*Problem statement*
What is needed is an exact transcription of the line containing "foto 4 2017" and every line after it through the end of the entries below, with no pictures.

Crawled caption data
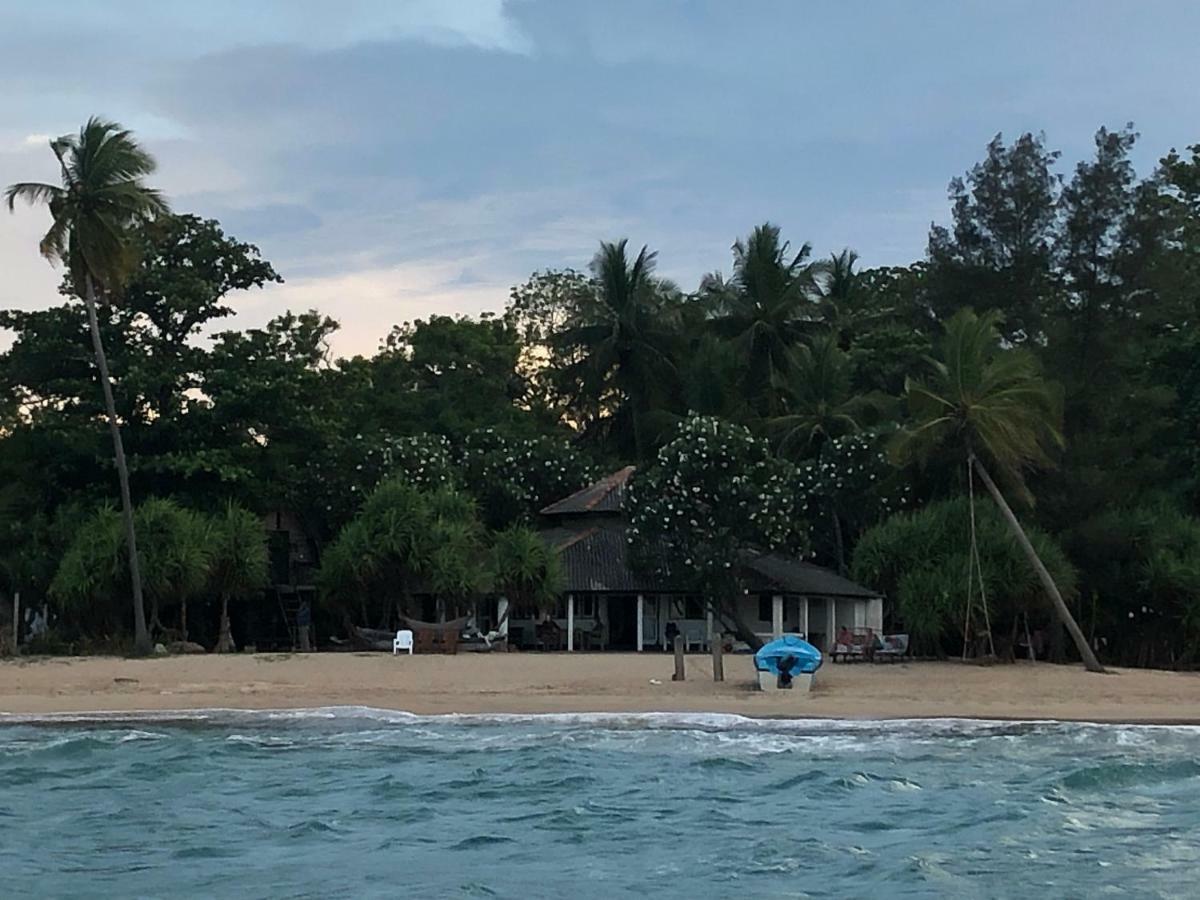 Moon Isle Beach Bungalow Нилавели Экстерьер фото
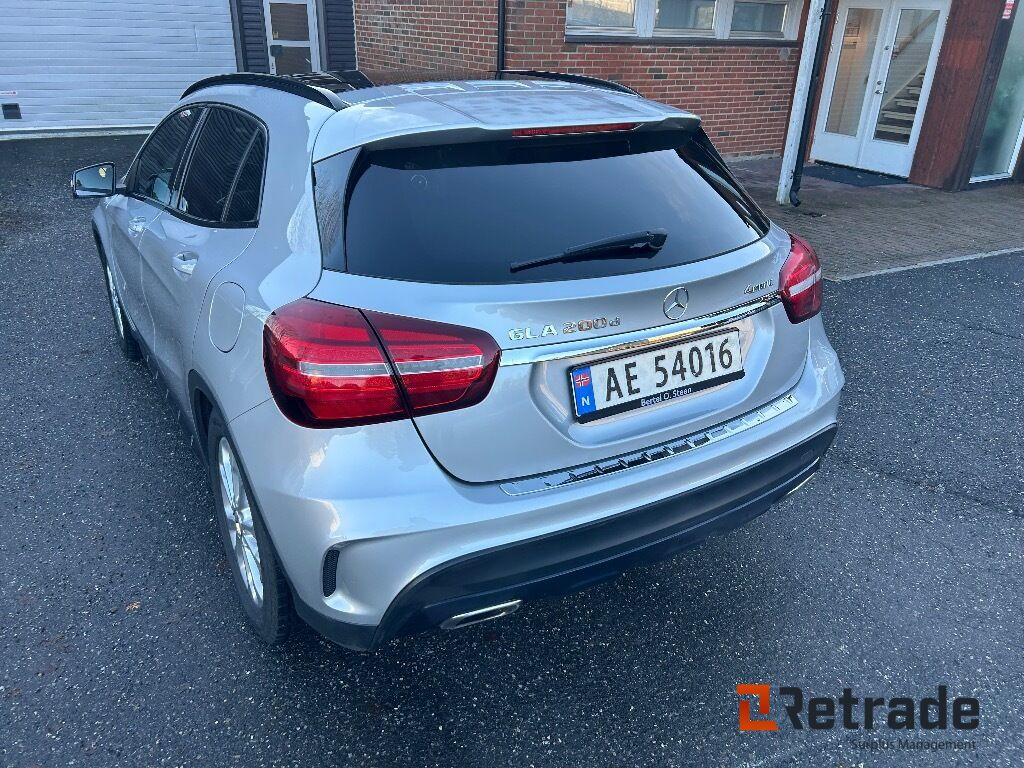 2017 Personbil MERCEDES-BENZ GLA 200 d 4MATIC EU-Godkjent - Vieglā automašīna: foto 4 2017 Personbil MERCEDES-BENZ GLA 200 d 4MATIC EU-Godkjent - Vieglā automašīna: foto 4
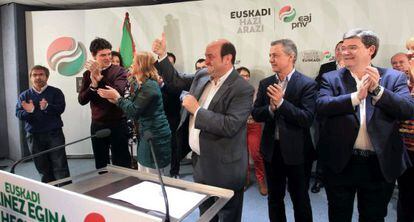 Gesto de satisfacción de Andoni Ortuzar, a quien acompañan el lehendakari y el futuro alcalde de Bilbao, Juan Mari Aburto.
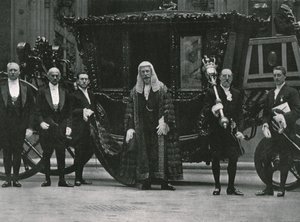 Kuningas Yrjö V:n ja kuningatar Marian kruunajaiset, Lontoo, 1911. tekijältä Unbekannt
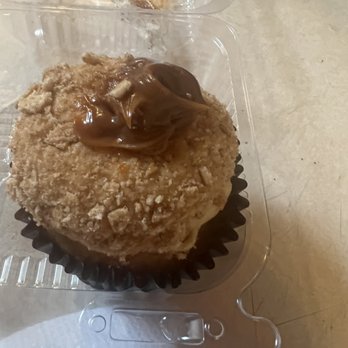 Max's Cakes - Banuelos cupcake - Custom Cakes Near Me - Hayward, California Max's Cakes - Banuelos cupcake - Custom Cakes Near Me - Hayward, California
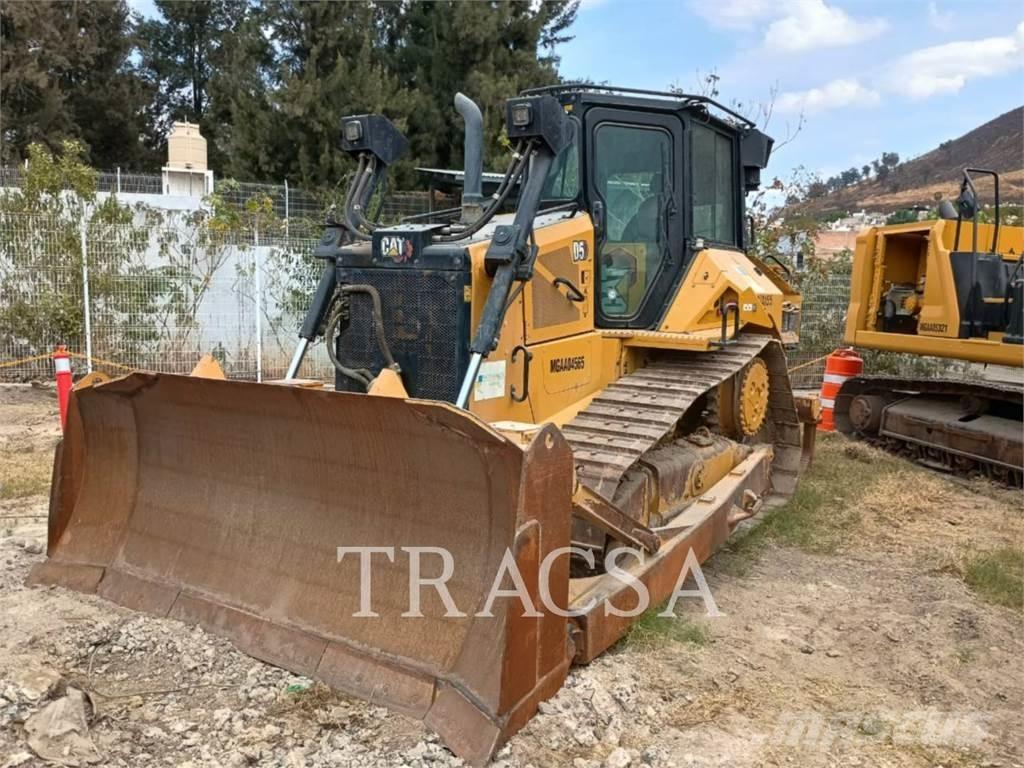 CAT D5 Dozers - Tratores rastos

*Solution to this problem*
 2017 Personbil MERCEDES-BENZ GLA 200 d 4MATIC EU-Godkjent - Vieglā automašīna: foto 4 2017 Personbil MERCEDES-BENZ GLA 200 d 4MATIC EU-Godkjent - Vieglā automašīna: foto 4
 Gesto de satisfacción de Andoni Ortuzar, a quien acompañan el lehendakari y el futuro alcalde de Bilbao, Juan Mari Aburto.
 Kuningas Yrjö V:n ja kuningatar Marian kruunajaiset, Lontoo, 1911. tekijältä Unbekannt
 Max's Cakes - Banuelos cupcake - Custom Cakes Near Me - Hayward, California Max's Cakes - Banuelos cupcake - Custom Cakes Near Me - Hayward, California
 CAT D5 Dozers - Tratores rastos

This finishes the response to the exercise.